Interesting TACs of the Week (October 24 – October 30, 2020)

Summary – A top-down review of interesting calls and comments made last week in Treasuries, monetary policy, economics, stocks, bonds & commodities. TAC is our acronym for Tweets, Articles, & Clips – our basic inputs for this article.

Editor’s Note: In this series of articles, we include important or interesting Tweets, Articles, Video Clips with our comments. This is an article that expresses our personal opinions about comments made on Television, Tweeter, and in Print. It is NOT intended to provide any investment advice of any type whatsoever. No one should base any investing decisions or conclusions based on anything written in or inferred from this article. Macro Viewpoints & its affiliates expressly disclaim all liability in respect to actions taken based on any or all of the information in this article. Investing is a serious matter and all investment decisions should only be taken after a detailed discussion with your investment advisor and should be subject to your objectives, suitability requirements and risk tolerance.
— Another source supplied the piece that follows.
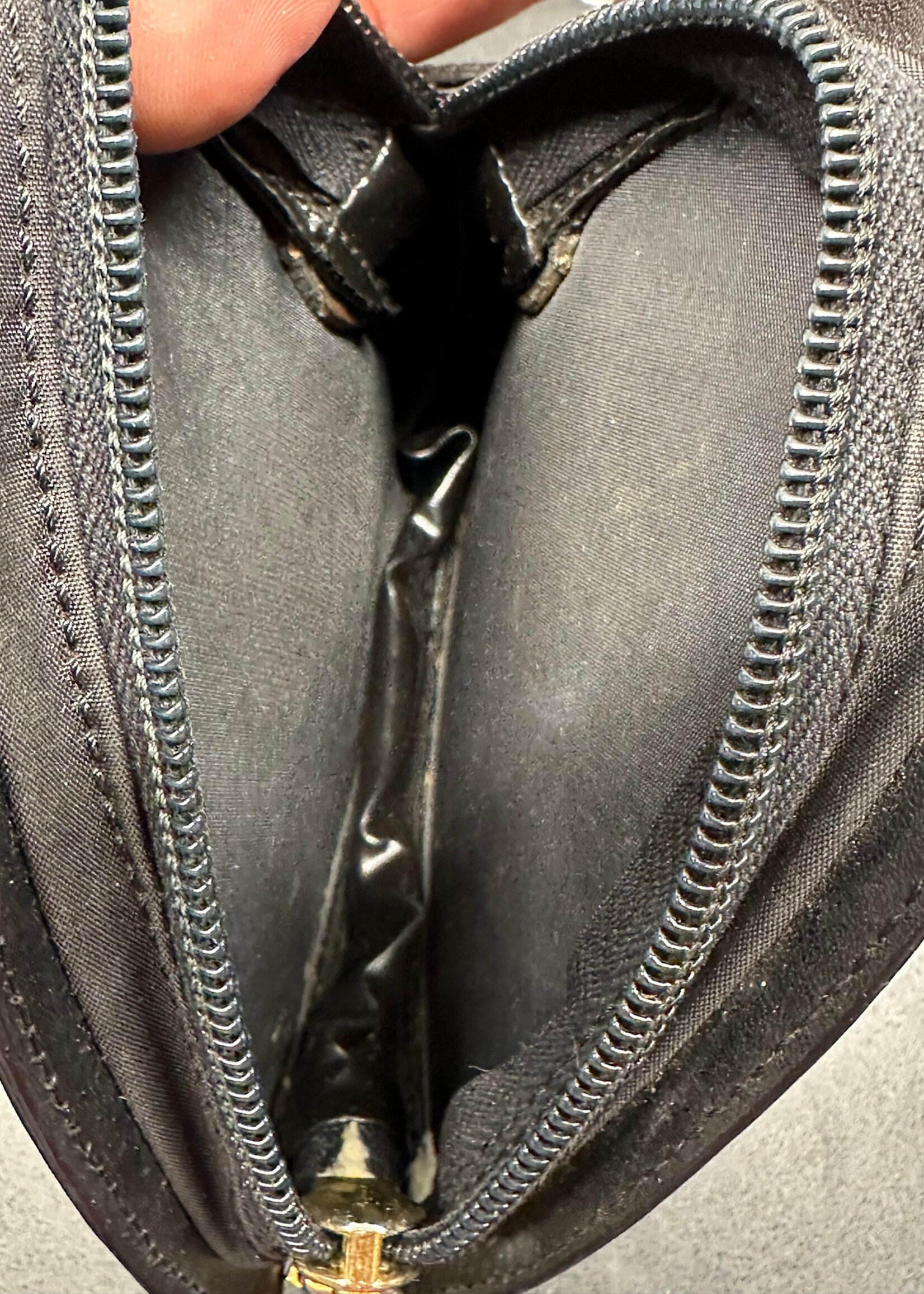 Moschino 1990 Leather Heart Bag Mini Wristlet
1.Biden Ally or Trump Enemy? 

GZero Media, a unit of Ian Bremmer’s Eurasia group, recently put out a list of leaders/countries that would prefer a Biden win over Trump & conversely. In that list, the most prominent anti-Trump region was Western Europe and in their forefront was Bremmer’s favorite leader, Angela Merkel. In the intra-EU conflict between Eastern Europe & Western Europe, Eastern Europe has been a fervent Trump supporter while Western Europe led by Merkel has been intensely anti-Trump. All her deeply- believed policies, such as welcoming refugees & immigrants from Africa, pursuit of trade with China & climate change, are intensely opposed by Trump. 

So no other G7-leader has as much invested in a Biden win over Trump. And Biden has publicly stated that he will restore old USA policies that are favored by Merkel. That leads us to wonder whether Merkel’s stunning & sudden announcement on Wednesday morning (about 3:30 am NY Times) of a lockdown in Germany beginning on November 4, the day after the US election, was intended to cause a market fall. The CoronaVirus spread in Europe has been in the news for the last 3 weeks or so. Why didn’t she announce this decision a week ago or on November 4, the day after the election?

Her sudden decision rocked all global markets, especially the US stock market. The Dow was down 957 points & the close was horrendous. The S&P broke through the 100-day. And the steep fall focused attention on the CoronaVirus & whether it could come back across America. Yes, Germany’s DAX also fell 9% on the week. But Merkel would happily trade even a 20% weekly DAX loss for a Biden win. 

That brings us to the chart below from Ned Davis Research:


2. DC & VIX

The DC in the title are Tom DeMark, the originator, and Jim Cramer, the communicator, of a spectacular call (half-call actually)  made two weeks ago:


The first half of the DeMark call was for a sharp decline over the next two weeks from Friday, October 16 & that has come through in terrific fashion (remember terrific is etymologically derived from terror). So now what? That brings us to the second half of DeMark’s call above (from 2:56 onwards in the above clip):

  • “DeMark says there should be just enough time for his indicators to turn positive & identify a bottom right before the election

Does that mean buy S&P calls on Monday or Tuesday? DeMark is renowned for specificity. But, unfortunately, neither of them were that specific in this clip.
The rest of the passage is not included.